When you’re writing your content, you’ll need to keep both audiences in mind to ensure that you get your message across. Focus on the kind of crucial messages which will appeal to your end-users and customers but address the preferences and needs of the editor too. Many publications will have guidelines to follow if you want a chance of getting your content on their site. 

If you’re sending your press release to multiple locations, you might need to look into doing several different versions of your press releases, each with slightly different wording and information, based on your target publication.

4. Get the Headline Right

There are few things more important in a press release than an amazing headline. 

A good headline will immediately attract the attention of your publication, as well as anyone who might end up reading your article. The media uses headlines to determine whether stories are worth reading or publishing. This means that you need to get attention quickly. 

Most press release headlines don’t try to be clever. There isn’t a lot of fancy language to worry about. Instead, your focus should be on sharing the main point of the press release fast.

For instance, if you’re announcing the arrival of new security measures in your business to protect hybrid workers, you might have a headline like:

  • [Company] implements end-to-end encryption for hybrid workers
  • [Company] uses new encryption techniques to support hybrid work
  • [Company] invests in encryption technology for hybrid employees

5. Use the Right Structure

Structuring a press release can be tough.

Some companies have specific requests on how your press release should look. For instance, you might have to place the date and time in a specific place. For instance, CNN always puts the date of the release before the headline:

If you don’t have to follow a specific format, you should stick with the inverted pyramid structure. This strategy involves placing the most critical information first and moving down the hierarchy to less important info – like contact details. 

When structuring your press release, make sure the headline immediately tells your customers and readers what the story is about and presents immediate value. The opening paragraph will then summarise the main factors and elements of the story, giving a fuller explanation of what the story is about. For instance, for the “[Company] implements end-to-end encryption for hybrid workers” example, the first paragraph might read:

[Company] recently announced an investment in the latest encryption tools for information at rest and transit for hybrid employees. This new security strategy is rolling out immediately to new and existing customers of [company], with access to extra features available for premium subscribers.

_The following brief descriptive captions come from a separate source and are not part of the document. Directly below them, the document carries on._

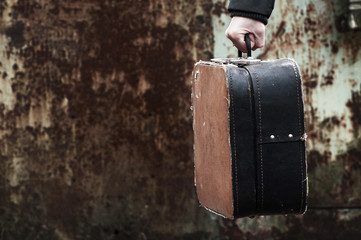 Ancient suitcase in a hand on rusty grunge a background.  Old suitcases.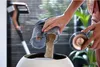 A person is emptying the dustbin of a cordless vacuum cleaner into a white bin. Produktbild-Vorschau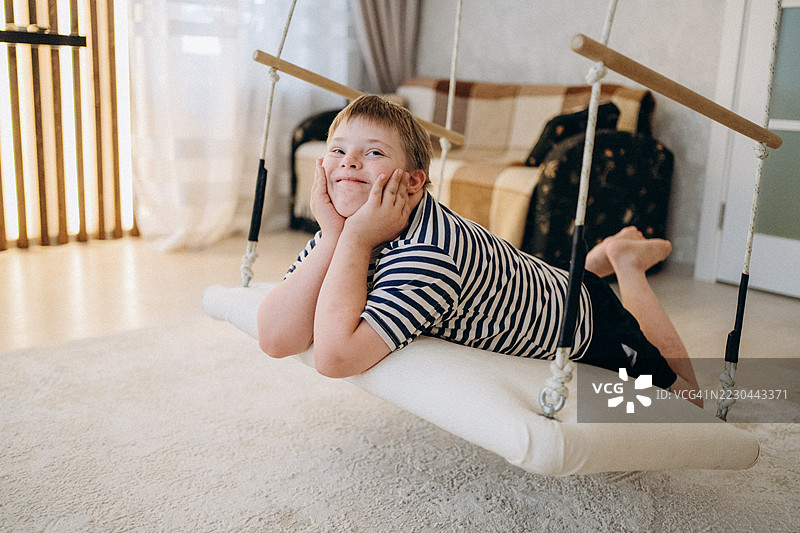 快乐的唐氏综合症儿童在家里的秋千上放松。图片素材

The second paragraph then follows up with contextual insight into why this story is important. For instance, in the example above, the second paragraph might say:

This new investment comes at a time when more employees are moving into the hybrid working model. [Company] believes that higher encryption is crucial for teams working in a cloud environment, even with access to VPNs and other security measures available. 

The third paragraph then presents details on the story, including information on who’s involved, how this story came about, and anything else that business leaders might need to know. If there is an additional paragraph, you might include some quotes from business leaders or industry authorities to add credibility or opinions. 

6. Perfect Your Writing

No matter how short or simple, any press release is an insight into your company and brand. Don’t rely on the publication company you choose to do all the editing for you. Make sure you proofread your content and ensure everything sounds fantastic. It’s also worth double-checking any details to ensure that stats and facts remain accurate. 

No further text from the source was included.